* SUPPLIED RECORDS *
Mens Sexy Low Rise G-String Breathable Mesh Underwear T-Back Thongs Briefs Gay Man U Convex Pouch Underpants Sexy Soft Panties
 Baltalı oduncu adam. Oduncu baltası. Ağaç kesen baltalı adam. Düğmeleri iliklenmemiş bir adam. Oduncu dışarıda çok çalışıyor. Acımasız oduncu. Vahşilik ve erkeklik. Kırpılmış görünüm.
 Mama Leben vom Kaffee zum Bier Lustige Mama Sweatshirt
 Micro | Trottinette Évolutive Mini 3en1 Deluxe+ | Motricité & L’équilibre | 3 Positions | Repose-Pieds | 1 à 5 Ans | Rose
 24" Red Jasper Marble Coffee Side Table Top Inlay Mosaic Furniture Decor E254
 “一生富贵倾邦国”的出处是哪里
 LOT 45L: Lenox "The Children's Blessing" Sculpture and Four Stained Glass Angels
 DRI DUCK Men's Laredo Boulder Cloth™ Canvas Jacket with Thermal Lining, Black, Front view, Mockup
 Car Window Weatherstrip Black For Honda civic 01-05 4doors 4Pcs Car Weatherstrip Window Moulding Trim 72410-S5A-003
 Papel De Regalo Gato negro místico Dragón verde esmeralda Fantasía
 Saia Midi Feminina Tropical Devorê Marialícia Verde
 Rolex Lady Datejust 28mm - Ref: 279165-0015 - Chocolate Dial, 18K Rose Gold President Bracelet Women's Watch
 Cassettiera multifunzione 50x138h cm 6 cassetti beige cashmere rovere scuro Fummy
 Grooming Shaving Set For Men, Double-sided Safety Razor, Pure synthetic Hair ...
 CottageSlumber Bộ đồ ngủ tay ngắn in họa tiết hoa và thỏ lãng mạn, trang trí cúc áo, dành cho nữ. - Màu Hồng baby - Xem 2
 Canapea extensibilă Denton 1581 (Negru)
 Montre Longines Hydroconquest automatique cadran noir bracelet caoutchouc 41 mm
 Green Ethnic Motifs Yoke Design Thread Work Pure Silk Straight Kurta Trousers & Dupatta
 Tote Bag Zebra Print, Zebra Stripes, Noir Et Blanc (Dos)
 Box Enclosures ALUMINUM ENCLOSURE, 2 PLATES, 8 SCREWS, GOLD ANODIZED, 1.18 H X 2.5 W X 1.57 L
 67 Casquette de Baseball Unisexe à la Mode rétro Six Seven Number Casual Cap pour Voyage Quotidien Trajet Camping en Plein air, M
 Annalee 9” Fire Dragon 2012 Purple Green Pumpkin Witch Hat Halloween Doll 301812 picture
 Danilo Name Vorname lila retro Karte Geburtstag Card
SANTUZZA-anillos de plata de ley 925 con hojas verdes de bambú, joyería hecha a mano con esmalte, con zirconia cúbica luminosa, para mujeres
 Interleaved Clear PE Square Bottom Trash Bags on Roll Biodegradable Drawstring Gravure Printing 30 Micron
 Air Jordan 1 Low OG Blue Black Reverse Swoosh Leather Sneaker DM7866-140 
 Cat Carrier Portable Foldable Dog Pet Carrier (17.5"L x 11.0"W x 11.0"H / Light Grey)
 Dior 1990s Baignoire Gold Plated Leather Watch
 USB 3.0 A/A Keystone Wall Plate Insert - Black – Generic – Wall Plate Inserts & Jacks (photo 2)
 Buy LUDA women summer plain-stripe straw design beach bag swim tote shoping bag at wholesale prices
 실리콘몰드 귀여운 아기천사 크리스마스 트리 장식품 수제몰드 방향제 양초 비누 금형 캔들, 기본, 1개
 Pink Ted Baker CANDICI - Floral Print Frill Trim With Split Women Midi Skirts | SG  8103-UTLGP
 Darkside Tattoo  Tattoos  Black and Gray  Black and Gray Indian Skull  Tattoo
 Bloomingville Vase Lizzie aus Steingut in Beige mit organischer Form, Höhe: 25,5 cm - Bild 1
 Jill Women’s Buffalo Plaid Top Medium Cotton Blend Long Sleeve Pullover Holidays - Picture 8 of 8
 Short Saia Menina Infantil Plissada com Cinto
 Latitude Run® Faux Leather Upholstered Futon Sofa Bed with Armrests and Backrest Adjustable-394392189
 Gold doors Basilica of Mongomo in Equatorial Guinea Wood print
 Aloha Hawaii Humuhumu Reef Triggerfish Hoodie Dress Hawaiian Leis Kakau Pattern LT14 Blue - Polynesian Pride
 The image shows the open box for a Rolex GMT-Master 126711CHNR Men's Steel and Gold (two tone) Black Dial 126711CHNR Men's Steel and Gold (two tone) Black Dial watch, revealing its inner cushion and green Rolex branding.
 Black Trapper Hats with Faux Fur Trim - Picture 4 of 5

* WORK TASK *
Print the records above verbatim from their first line to the line containing "LOT 45L: Lenox", both included, and stop there.

* COMPLETED EXERCISE *
Mens Sexy Low Rise G-String Breathable Mesh Underwear T-Back Thongs Briefs Gay Man U Convex Pouch Underpants Sexy Soft Panties
 Baltalı oduncu adam. Oduncu baltası. Ağaç kesen baltalı adam. Düğmeleri iliklenmemiş bir adam. Oduncu dışarıda çok çalışıyor. Acımasız oduncu. Vahşilik ve erkeklik. Kırpılmış görünüm.
 Mama Leben vom Kaffee zum Bier Lustige Mama Sweatshirt
 Micro | Trottinette Évolutive Mini 3en1 Deluxe+ | Motricité & L’équilibre | 3 Positions | Repose-Pieds | 1 à 5 Ans | Rose
 24" Red Jasper Marble Coffee Side Table Top Inlay Mosaic Furniture Decor E254
 “一生富贵倾邦国”的出处是哪里
 LOT 45L: Lenox "The Children's Blessing" Sculpture and Four Stained Glass Angels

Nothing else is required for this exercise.